Negli Stati Uniti, per una serie di processi storici e di mercato, sempre più scrittori vengono dai writers’ workshop e dai master in creative writing. E lì, come è normale, si punta a farti lavorare in quel settore: più che una questione di contenuti – in questi workshop insegnano grandi scrittori americani, la didattica è sicuramente di livello – è una questione di approccio. Gli studenti cercano di produrre subito un testo spendibile con un’agenzia (prima ancora che con un editore, perché negli Stati Uniti tutto ormai passa dalla agenzie: lo scouting sulle riviste come avviene da noi, l’idea di mandare un manoscritto alle case editrici, non c’è più), così, per paura di non piazzarli, si tende a spingerli (se non lo fanno già da soli) a scrivere libri che assomiglino ad altri libri già usciti, con una lingua e una struttura non troppo sperimentali. Questo però porta a saltare un passaggio cruciale: nella formazione di uno scrittore non può mancare una fase di sperimentazione, in cui uno fa un po’ quello che vuole per ritrovare poi un ordine che sia veramente suo.
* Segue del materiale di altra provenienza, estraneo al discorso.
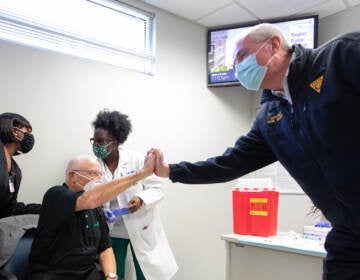 Oct. 28, 2021: Gov. Phil Murphy, right, at a clinic for COVID-19 vaccination booster shots in Trenton. (Rich Hundley/NJ Spotlight News)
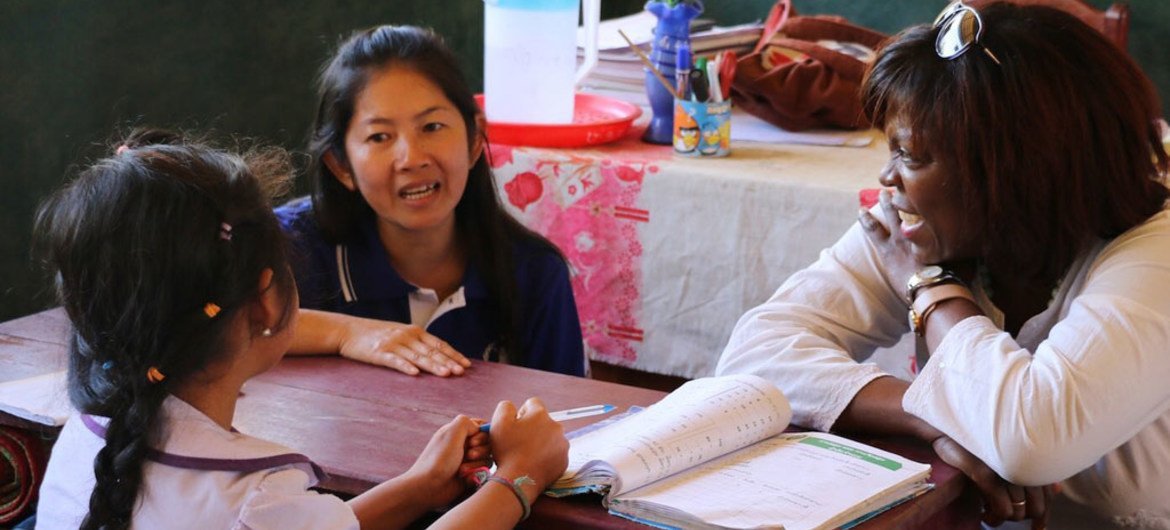 WFP Executive Director Ertharin Cousin (right) talks to a student at Park Chim school in Luang Prabang Province, Laos.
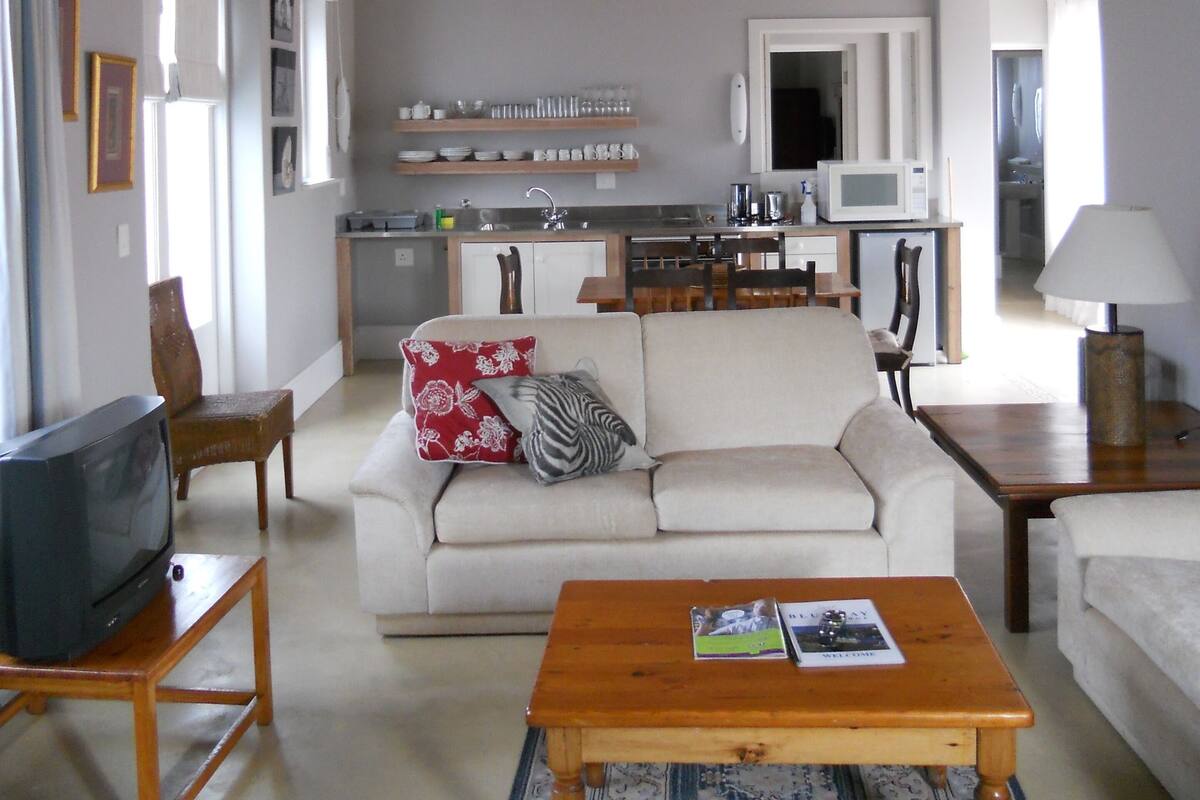 A spacious living room with a high wooden ceiling, a white sofa, a wooden coffee table, and a kitchen in the background.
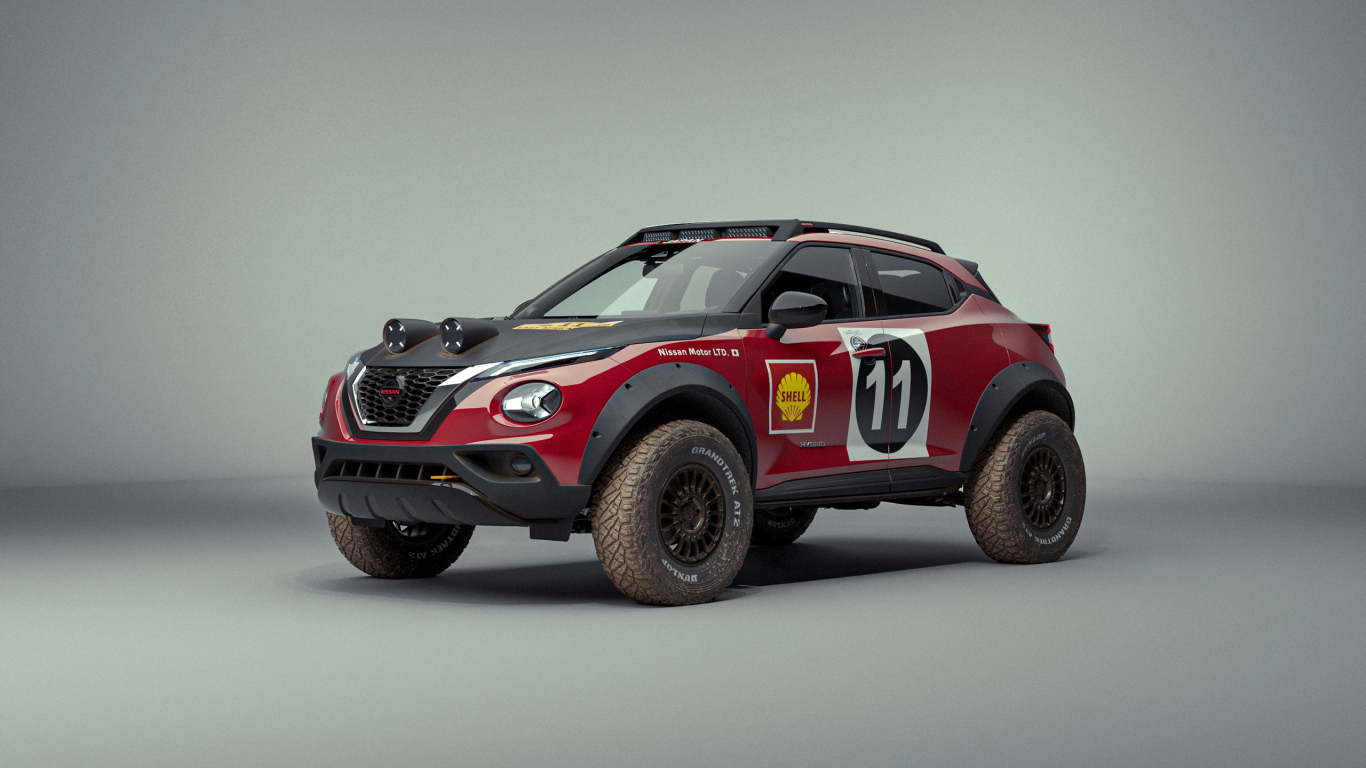 Автомобиль Nissan Juke Rally Tribute Concept 2021 года на сером фоне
Mi sembra interessante il fatto che dopo un’egemonia indiscutibile della letteratura americana – solo tra il ‘96 e il ‘97 uscivano Pastorale americana, Underworld, Infinite Jest e Mason & Dixon! – oggi questo famoso “fronte d’onda del romanzo” si trovi nell’Europa dell’est, con autori come Krasznahorkai, Gospodinov, Tokarczuk, Drndić, Oravecz, Cărtărescu… Cos’hanno in comune questi autori arrivati dall’Ungheria, dalla Bulgaria, dalla Polonia, dall’ex-Jugoslavia, dalla Romania? Vengono da paesi dove il mercato del libro è relativamente piccolo e probabilmente non hanno avuto un agente se non da quando sono diventati autori internazionali: hanno fatto quello che gli pareva, prima di arrivare ai loro libri più importanti, e forse sono diventati grandi autori proprio perché hanno sperimentato liberamente e trovato così una voce unica.
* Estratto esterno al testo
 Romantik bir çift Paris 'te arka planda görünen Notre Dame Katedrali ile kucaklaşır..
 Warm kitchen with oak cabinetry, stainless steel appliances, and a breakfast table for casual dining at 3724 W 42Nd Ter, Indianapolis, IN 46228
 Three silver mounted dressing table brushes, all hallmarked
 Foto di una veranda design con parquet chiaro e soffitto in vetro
In Italia, non so quanto sia valido il discorso appena fatto per gli USA. Lo scouting avviene ancora per lo più sulle riviste o tra gli autori che hanno ottenuto buoni risultati per marchi più piccoli, da noi la maggior parte dei corsi sono piuttosto brevi, non tutti fanno il biennio della Holden o il master della Scuola del Libro, quindi è chiaro che la scuola di scrittura sarà solo una delle tante influenze o suggestioni, un simile condizionamento c’è molto meno: lo dimostra il fatto che ancora oggi in Italia il panorama degli esordienti è molto variegato. Di solito gli editori cercano qualcosa che possa funzionare, si agisce ancora in modo un po’ divinatorio: questo scrive bene, questa ha una voce originale, quest’altro ha pubblicato dei racconti interessanti su questa rivista, proviamoli e vediamo come va. In Italia non c’è il filtro degli agenti, o non c’è ancora, dato che si sta andando un po’ in quella direzione. Lavorando in Tunué ho notato che sempre più spesso l’esordiente ha già un agente, il che una volta sarebbe stato addirittura ridicolo, perché l’agente nella tradizione italiana era quasi più un commercialista, si occupava del contratto e teneva i conti di anticipi e royalties. Poi bisogna vedere cosa succederà in futuro, l’esordio è solo il primo passo e molti grandi autori sono andati a realizzare i loro capolavori per vie molto diverse: se l’esordio è difficile, forse confermarsi, riuscire a stare sul mercato preservando la propria poetica e il proprio discorso, è anche più difficile. Prima ho citato Bolaño, trovo che sia sempre un buon esempio per l’esordiente: le sue poesie giovanili non sono un granché, e pure i suoi primi romanzi, La pista di ghiaccio o Monsieur Pain, sono dei piccoli noir; solo in tarda età è arrivato a scrivere dei capolavori come I detective selvaggi e 2666. Rispetto ad altre arti, nella nostra il genio conta un po’ meno: ciò che davvero fa la differenza è quanto si legge, quanto si scrive, e quanto si prende sul serio la letteratura.